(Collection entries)
++++++++++++++++++++

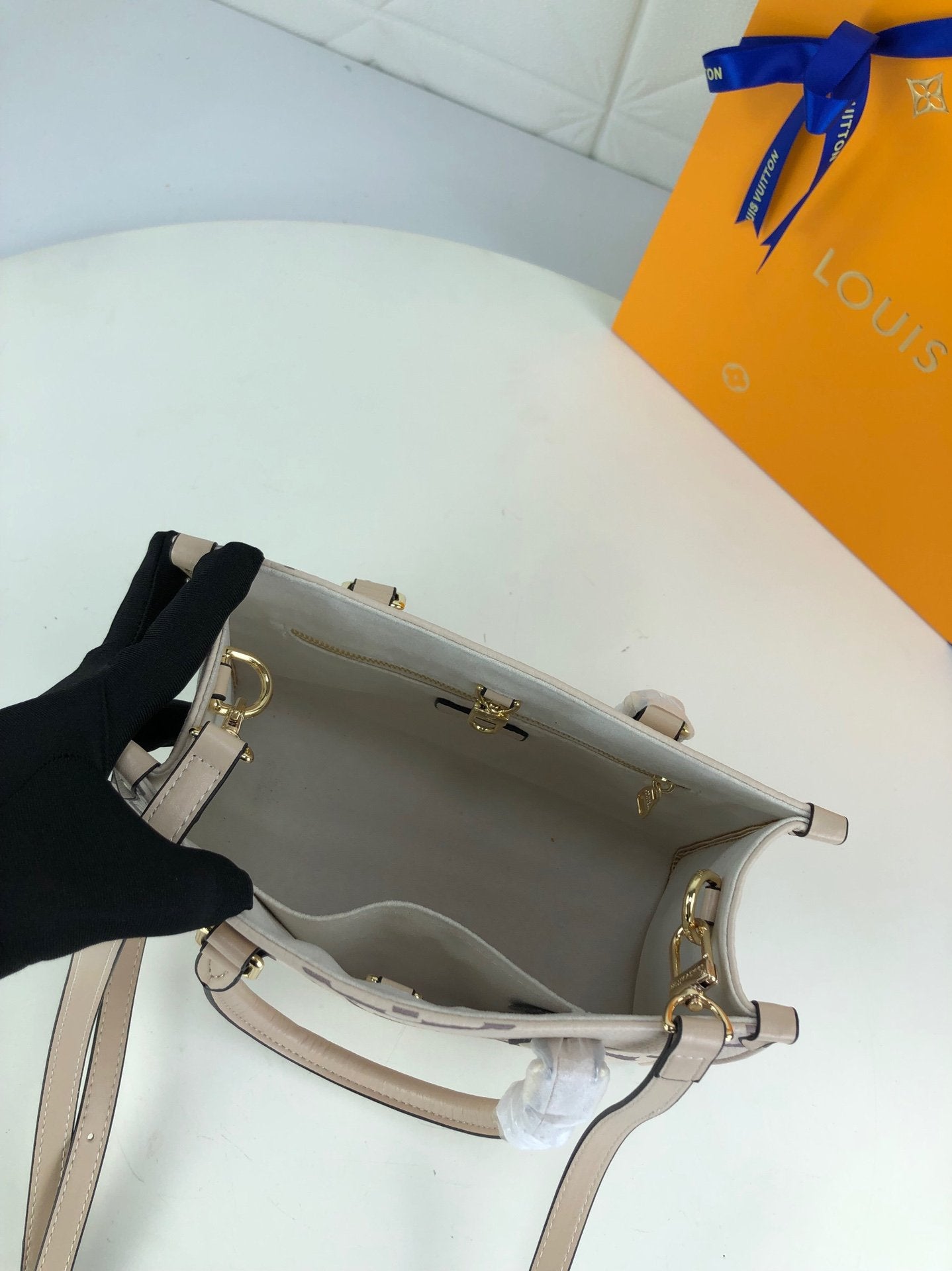 GLM - Top Quality Bags LUV 106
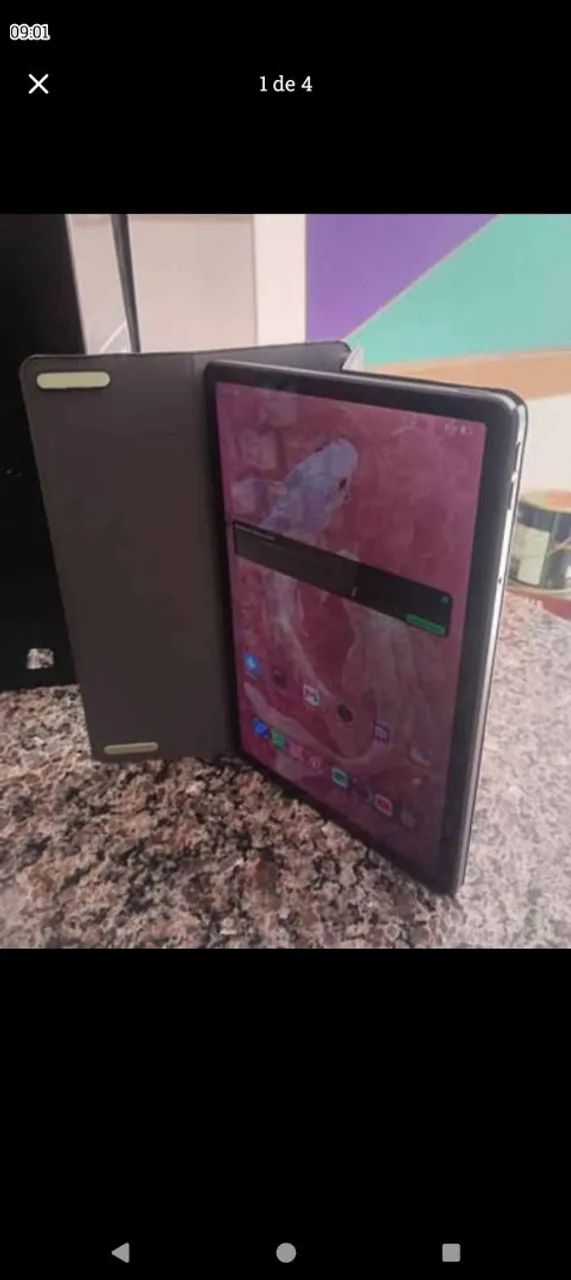 Tablet/ notebook LENOVO M11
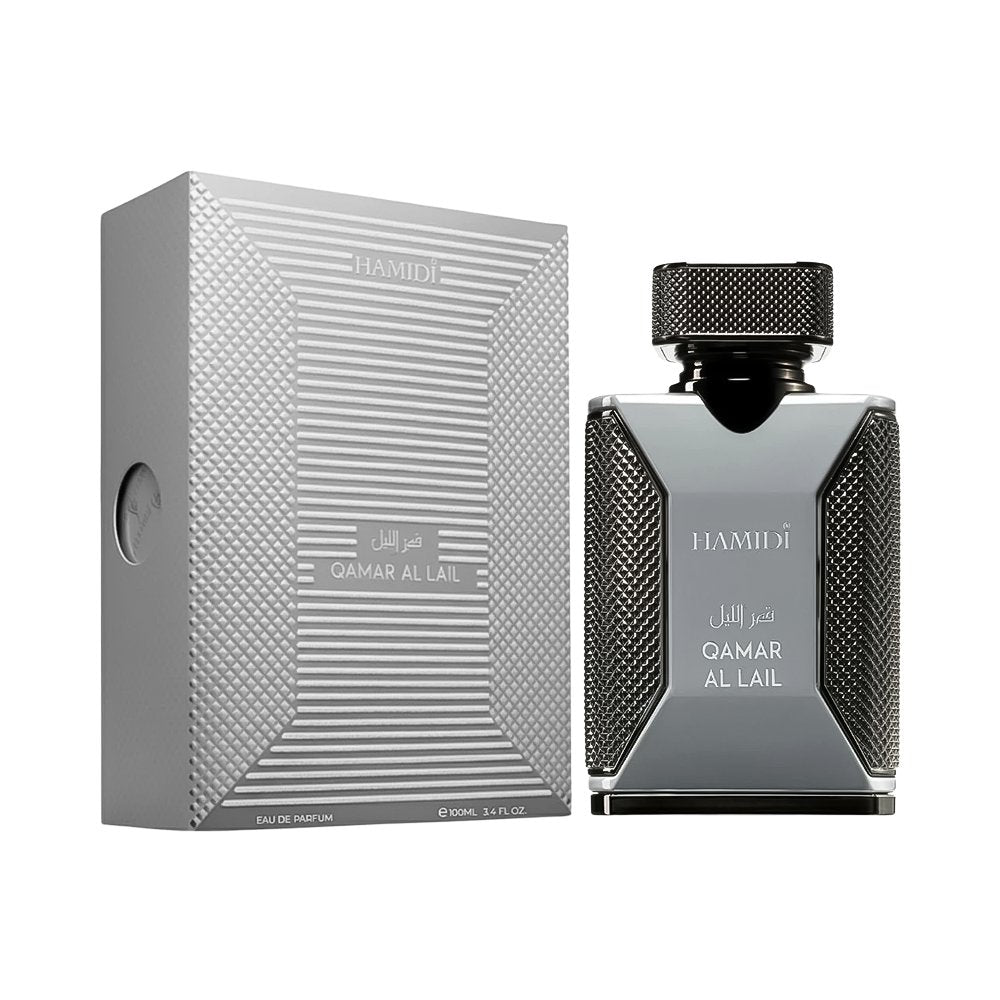Hamidi Qamar Al Lail Edp 100Ml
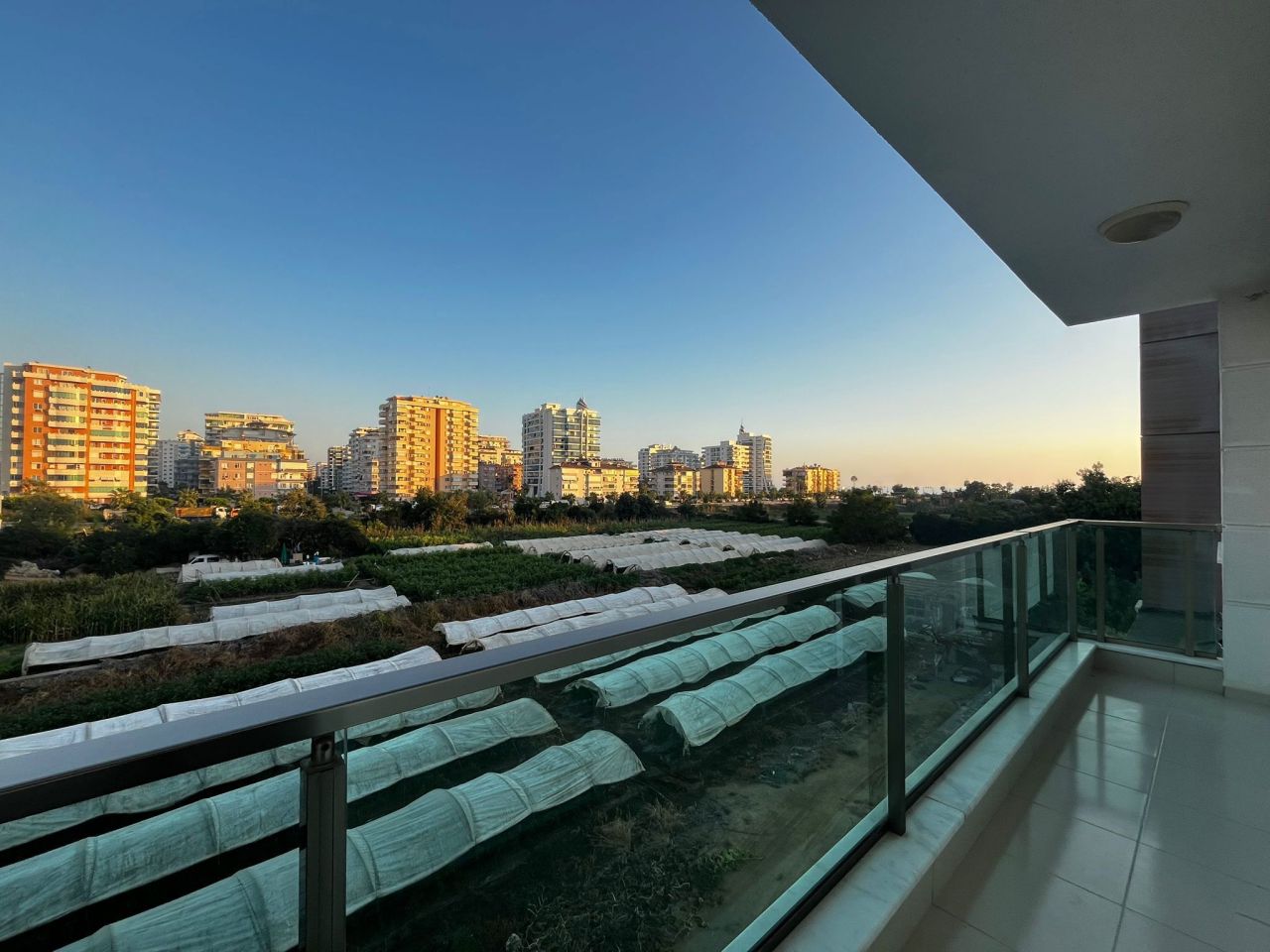 Apartamento en Alanya, Turquia, 130 m² - imagen 13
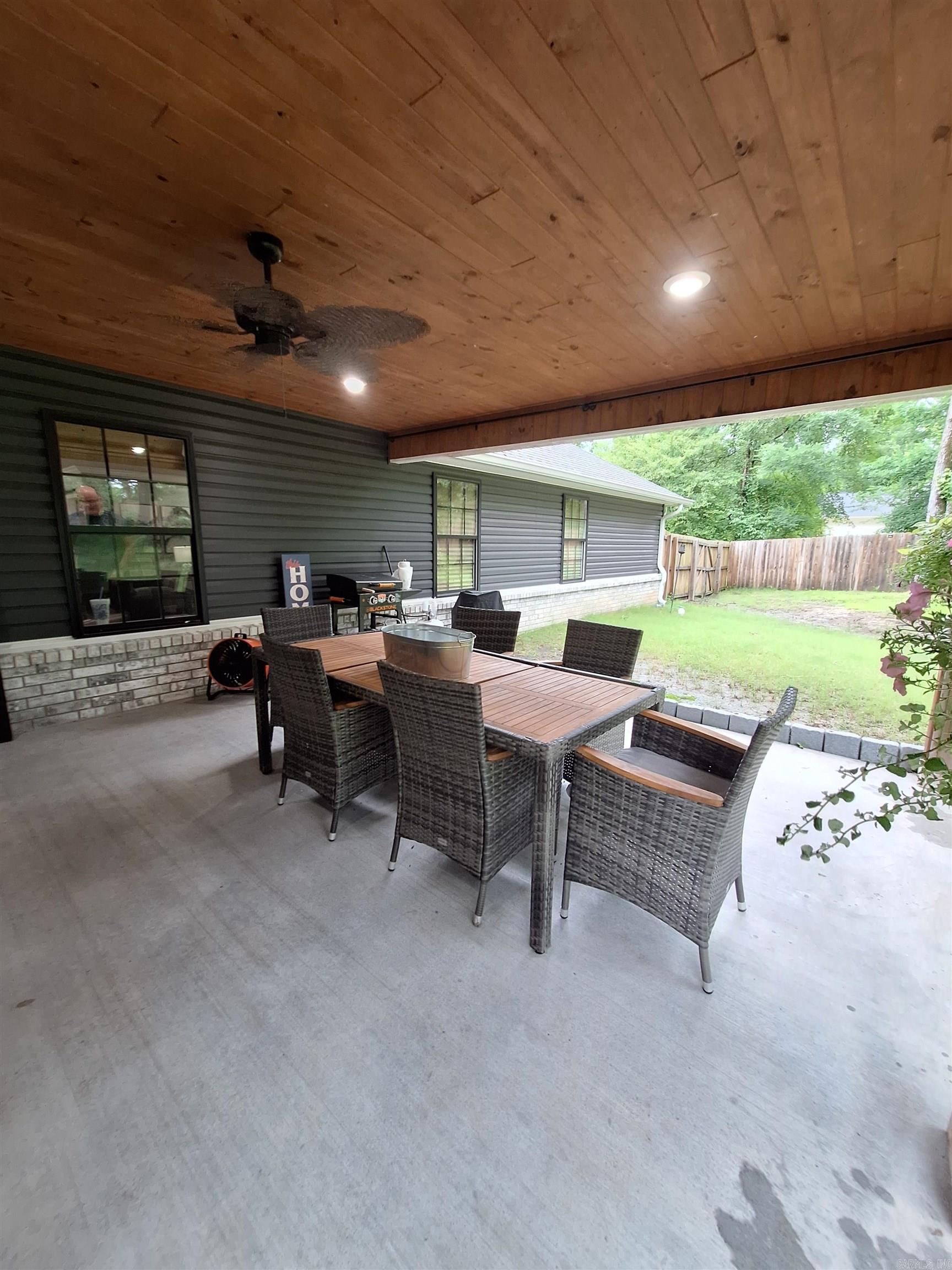 4401  Wagon Trace  White Hall, AR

++++++++++++++++++++

## The problem
Write out the data above exactly, minus any images.

## Expected answer
 GLM - Top Quality Bags LUV 106
 Tablet/ notebook LENOVO M11
Hamidi Qamar Al Lail Edp 100Ml
 Apartamento en Alanya, Turquia, 130 m² - imagen 13
 4401  Wagon Trace  White Hall, AR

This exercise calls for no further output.